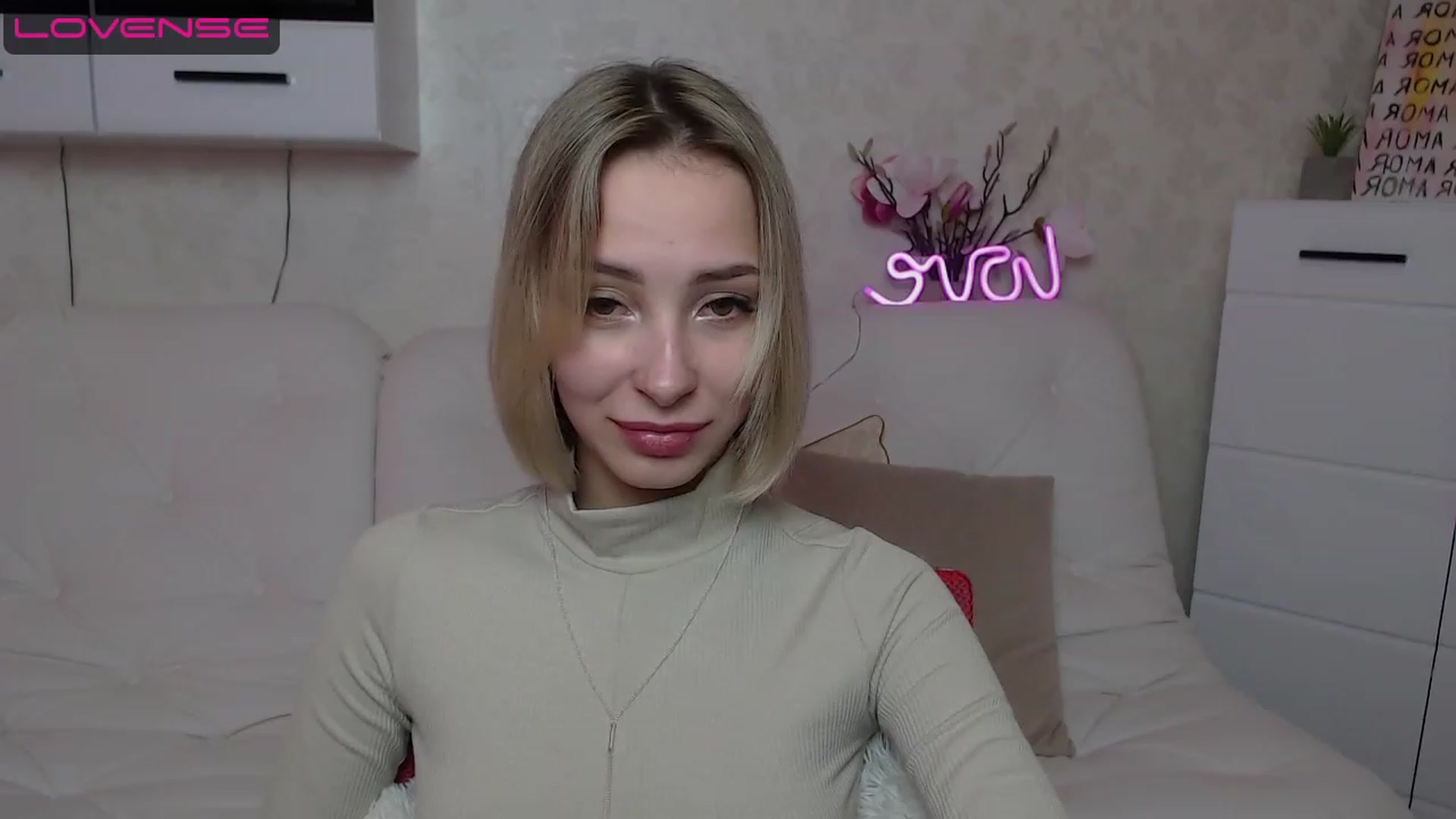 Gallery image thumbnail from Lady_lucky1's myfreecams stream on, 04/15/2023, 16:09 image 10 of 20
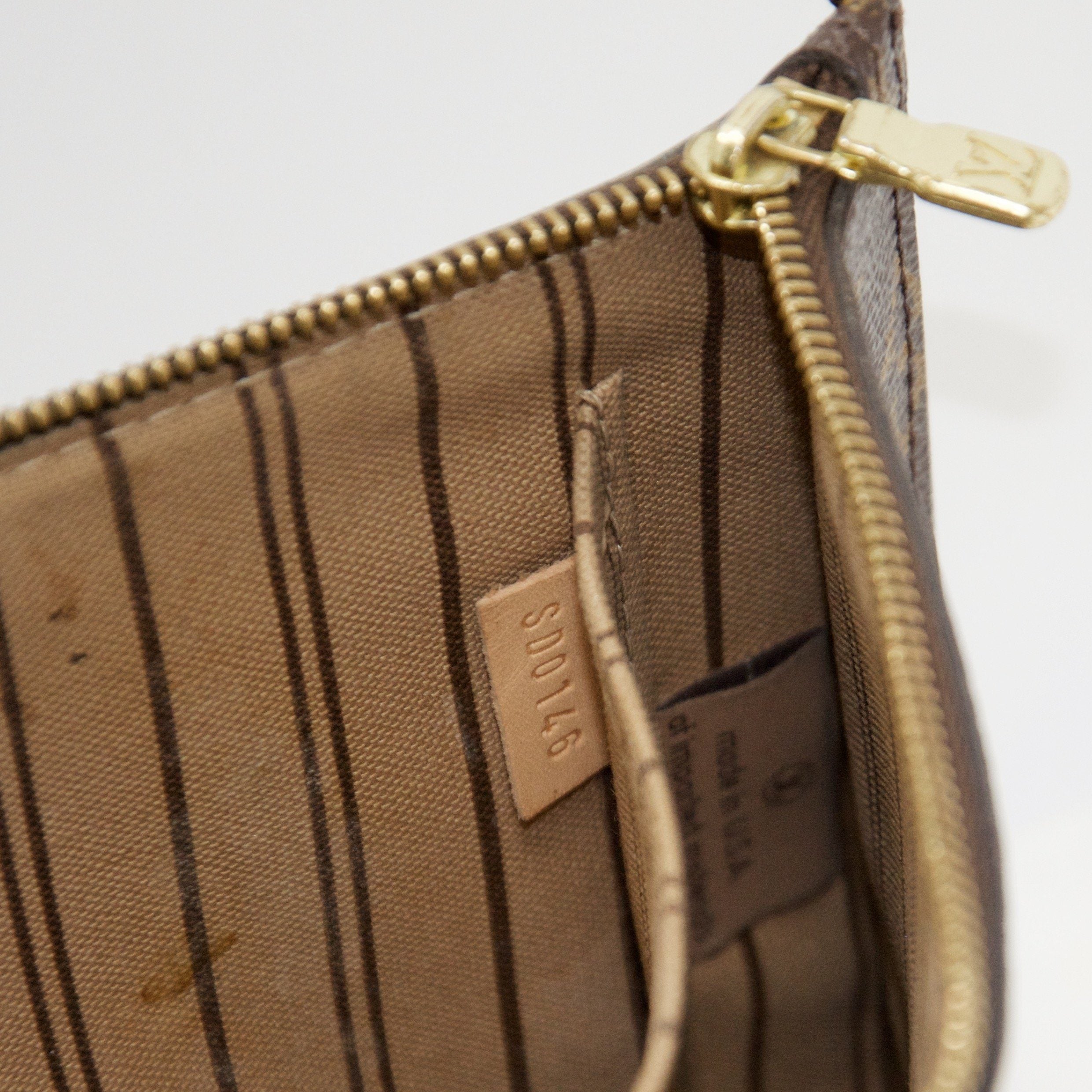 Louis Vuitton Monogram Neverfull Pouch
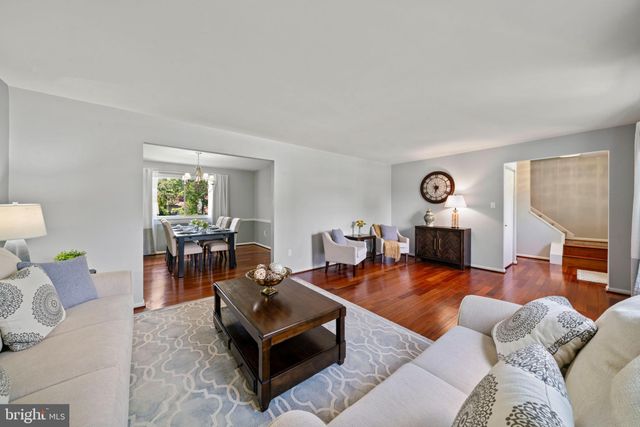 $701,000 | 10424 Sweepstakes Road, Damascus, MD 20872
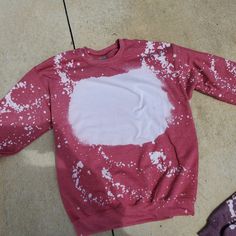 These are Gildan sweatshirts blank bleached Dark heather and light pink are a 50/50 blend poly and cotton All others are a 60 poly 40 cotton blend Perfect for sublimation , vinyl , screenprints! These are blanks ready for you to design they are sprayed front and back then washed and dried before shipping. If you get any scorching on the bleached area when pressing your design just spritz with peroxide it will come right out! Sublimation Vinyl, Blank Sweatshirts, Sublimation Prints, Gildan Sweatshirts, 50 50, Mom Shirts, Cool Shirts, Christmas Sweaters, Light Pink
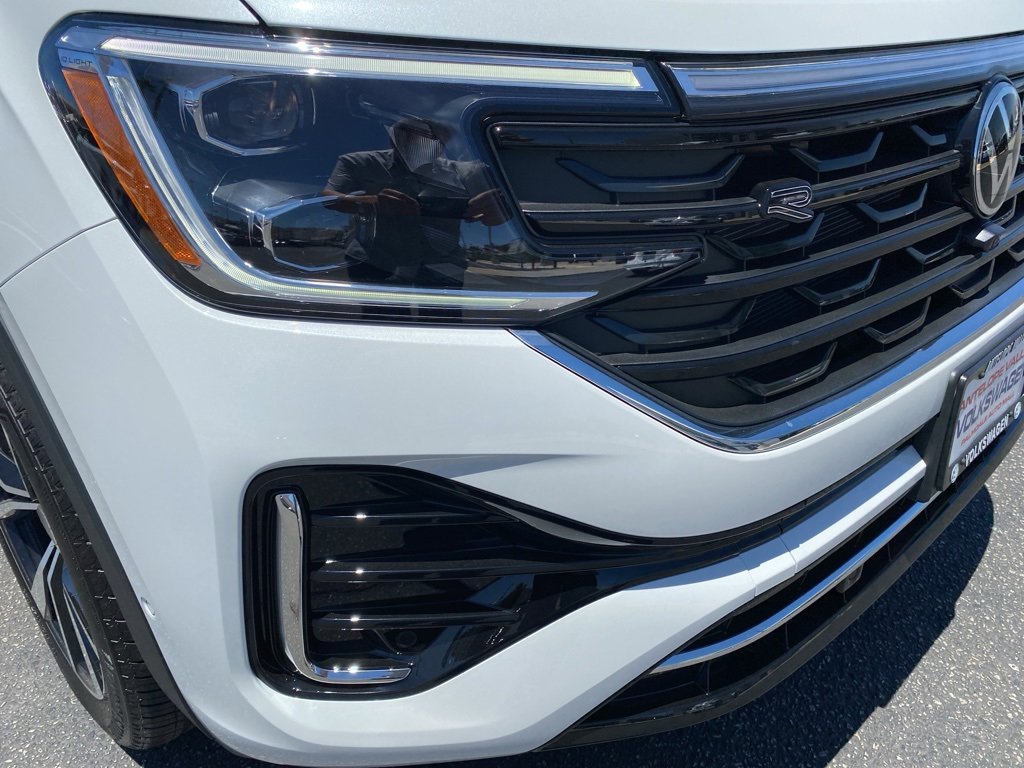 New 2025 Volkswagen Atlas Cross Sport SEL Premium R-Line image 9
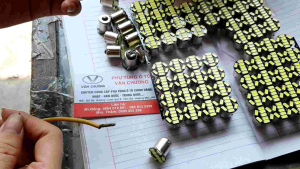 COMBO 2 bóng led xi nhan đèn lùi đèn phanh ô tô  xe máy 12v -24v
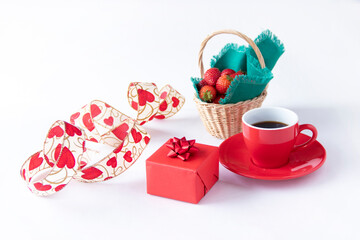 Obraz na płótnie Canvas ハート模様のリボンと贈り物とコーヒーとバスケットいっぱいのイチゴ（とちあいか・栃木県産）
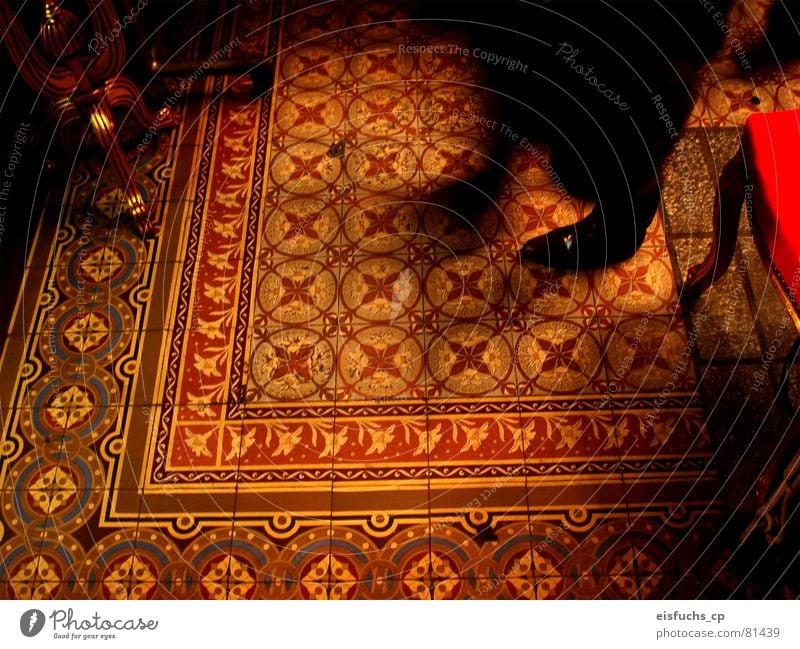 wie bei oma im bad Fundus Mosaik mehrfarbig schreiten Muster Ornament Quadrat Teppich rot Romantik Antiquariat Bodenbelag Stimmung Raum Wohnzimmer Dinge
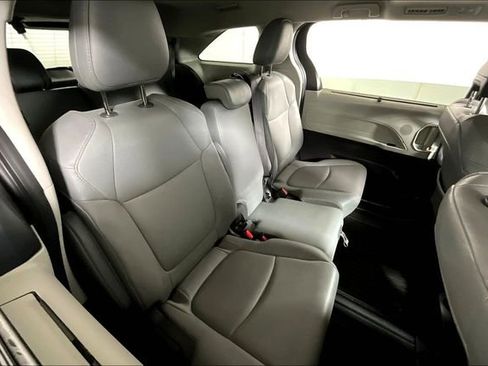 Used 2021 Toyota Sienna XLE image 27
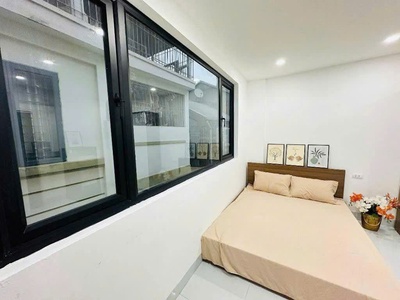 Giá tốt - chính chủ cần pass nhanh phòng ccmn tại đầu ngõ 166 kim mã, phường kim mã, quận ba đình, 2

- **Exercise aim**
Copy word for word every line from the start of the material through the line holding "Obraz na płótnie". The pictures are not part of the copy.

- **Exercise response**
 Gallery image thumbnail from Lady_lucky1's myfreecams stream on, 04/15/2023, 16:09 image 10 of 20
 Louis Vuitton Monogram Neverfull Pouch
 $701,000 | 10424 Sweepstakes Road, Damascus, MD 20872
 These are Gildan sweatshirts blank bleached Dark heather and light pink are a 50/50 blend poly and cotton All others are a 60 poly 40 cotton blend Perfect for sublimation , vinyl , screenprints! These are blanks ready for you to design they are sprayed front and back then washed and dried before shipping. If you get any scorching on the bleached area when pressing your design just spritz with peroxide it will come right out! Sublimation Vinyl, Blank Sweatshirts, Sublimation Prints, Gildan Sweatshirts, 50 50, Mom Shirts, Cool Shirts, Christmas Sweaters, Light Pink
 New 2025 Volkswagen Atlas Cross Sport SEL Premium R-Line image 9
 COMBO 2 bóng led xi nhan đèn lùi đèn phanh ô tô  xe máy 12v -24v
 Obraz na płótnie Canvas ハート模様のリボンと贈り物とコーヒーとバスケットいっぱいのイチゴ（とちあいか・栃木県産）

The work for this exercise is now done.